[tor-commits] [tor-design-2012/master] Revise "tor design" up through "opening and closing streams"

nickm at torproject.org nickm at torproject.org
Sat Nov 10 02:38:59 UTC 2012


commit 8be9b3c21782665c0edebab101e4f3e60d2aba2e
Author: Nick Mathewson <nickm at torproject.org>
Date:   Fri Nov 9 21:38:58 2012 -0500

    Revise "tor design" up through "opening and closing streams"
---
 tor-design-2012.tex |   72 ++++++++++++++++++++++++--------------------------
 1 files changed, 35 insertions(+), 37 deletions(-)

diff --git a/tor-design-2012.tex b/tor-design-2012.tex
index e7a662b..e09a95d 100644
--- a/tor-design-2012.tex
+++ b/tor-design-2012.tex
@@ -619,17 +619,15 @@ well the Tor design defends against each of these attacks.
 
 The Tor network is an overlay network; each onion router (OR)
 runs as a normal user-level process without any special
-privileges.  Each onion router maintains a TLS~\cite{TLS}
-connection to onion routers to which it has been recently
+privileges.  Each onion router maintains TLS~\cite{TLS}
+connections to other onion routers it has been recently
 communicating with.  Each user runs local software called an
 onion proxy (OP) to fetch directories, establish circuits across
 the network, and handle connections from user applications.
 These onion proxies accept TCP streams and multiplex them across
 the circuits. The onion router on the other side of the circuit
 connects to the requested destinations and relays data.

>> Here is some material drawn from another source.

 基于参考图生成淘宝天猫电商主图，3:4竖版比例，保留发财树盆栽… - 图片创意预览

-% Is our topology actually clique any longer? -NM Perhaps
-% I've changed this to indicate the fact that unused links are
-% timed out -SJM
+
 % mention that the OR and the OP are the same software. -NM
 
 Each onion router maintains a long-term identity key and a
@@ -642,9 +640,6 @@ and negotiate ephemeral keys.  The TLS protocol also establishes
 a short-term link key when communicating between ORs. Short-term
 keys are rotated periodically and independently, to limit the
 impact of key compromise.
-% Clarify the role of the link keys. -NM
-% XXXX I hope somewhere in this paperwe talk more about the link protocol, so
-%      we can say more abotu the v2 and v3 versions of it. -NM
 
 Section~\ref{subsec:cells} presents the fixed-size \emph{cells}
 that are the unit of most communication in Tor. We describe in
@@ -655,6 +650,7 @@ integrity checking in Section~\ref{subsec:integrity-checking},
 and resource limiting in Section~\ref{subsec:rate-limit}.

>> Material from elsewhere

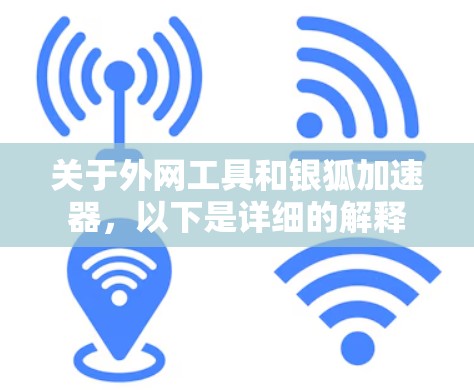 关于外网工具和银狐加速器,以下是详细的解释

 Finally, Section~\ref{subsec:congestion} talks about congestion
 control and fairness issues.
+% XXXX add more sections once we have a full list.x
 
 \subsection{Cells}
 \label{subsec:cells}
@@ -665,7 +661,9 @@ data on the connection with perfect forward secrecy, and
 prevents an attacker from modifying data on the wire or
 impersonating an OR.
 
-Most traffic passes along these connections in fixed-size cells.

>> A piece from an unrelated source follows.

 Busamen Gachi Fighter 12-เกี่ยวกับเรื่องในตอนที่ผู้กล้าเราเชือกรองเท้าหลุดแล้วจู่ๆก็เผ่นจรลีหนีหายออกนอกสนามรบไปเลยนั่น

+Most traffic passes along these connections in fixed-size
+cells.\footnote{A few cell types, notably those used for
+  connection establishment, are variable-sized.}
 Each fixed-size cell is 512 bytes, and consists of a header and a
 payload. The header includes a circuit identifier (circID) that
 specifies which circuit the cell refers to (many circuits can be
@@ -700,36 +698,34 @@ link-protocol negotiation); \emph{vpadding} (variable length
 padding); and \emph{certs}, \emph{auth\_challenge},
 \emph{authenticate}, and \emph{authorize} (used for OR-OR and
 OP-OR authentication).
-% Add: CREATE_FAST, CREATED_FAST, NETINFO, RELAY_EARLY,
-% VERSIONS, VPADDING, CERTS, AUTH_CHALLENGE, AUTHENTICATE,
-% AUTHORIZE. -NM
-% Believed done -SJM
 
 Relay cells have an additional header (the relay header) at the
 front of the payload, containing a streamID (stream identifier:
 many streams can be multiplexed over a circuit); an end-to-end
-checksum for integrity checking; the length of the relay
+truncated digest for integrity checking; the length of the relay
 payload; and a relay command.
-% We shouldn't call the SHA1 field a checksum. -NM
 The entire contents of the relay
 header and the relay cell payload are encrypted or decrypted
 together as the relay cell moves along the circuit, using the
 128-bit AES cipher in counter mode to generate a cipher stream.
 The relay commands are: \emph{relay data} (for data flowing down
-the stream), \emph{relay begin} (to open a stream), \emph{relay
+the stream), \emph{relay begin} (to open a stream),
+\emph{relay begin dir} (to open a local stream for directory
+information), \emph{relay
   end} (to close a stream cleanly), \emph{relay teardown} (to
 close a broken stream), \emph{relay connected} (to notify the OP
 that a relay begin has succeeded), \emph{relay extend} and
 \emph{relay extended} (to extend the circuit by a hop, and to
 acknowledge), \emph{relay truncate} and \emph{relay truncated}
 (to tear down only part of the circuit, and to acknowledge),
-\emph{relay sendme} (used for congestion control), and
+\emph{relay sendme} (used for congestion control),
+\empl{relay resolve} and \emph{relay resolved} (used for
+anonymous DNS),
+and
 \emph{relay drop} (used to implement long-range dummies).  We
 give a visual overview of cell structure plus the details of
 relay cell structure, and then describe each of these cell types
 and commands in more detail below.
-% Add: RELAY_RESOLVE, RELAY_RESOLVED, and RELAY_BEGIN_DIR. Mention that there
-% are more used for hidden services. -NM
 
 %\begin{figure}[h]
 %\unitlength=1cm
@@ -802,8 +798,7 @@ nonce, and a MAC using the TLS master secret as its key, of
 the TLS handshake's client\_random and server\_random
 parameters.
 
-% Justify the above. -MN
-
+% Justify the above. -NM
 
 \subsection{Circuits and streams}
 \label{subsec:circuits}
@@ -881,9 +876,9 @@ harming user experience.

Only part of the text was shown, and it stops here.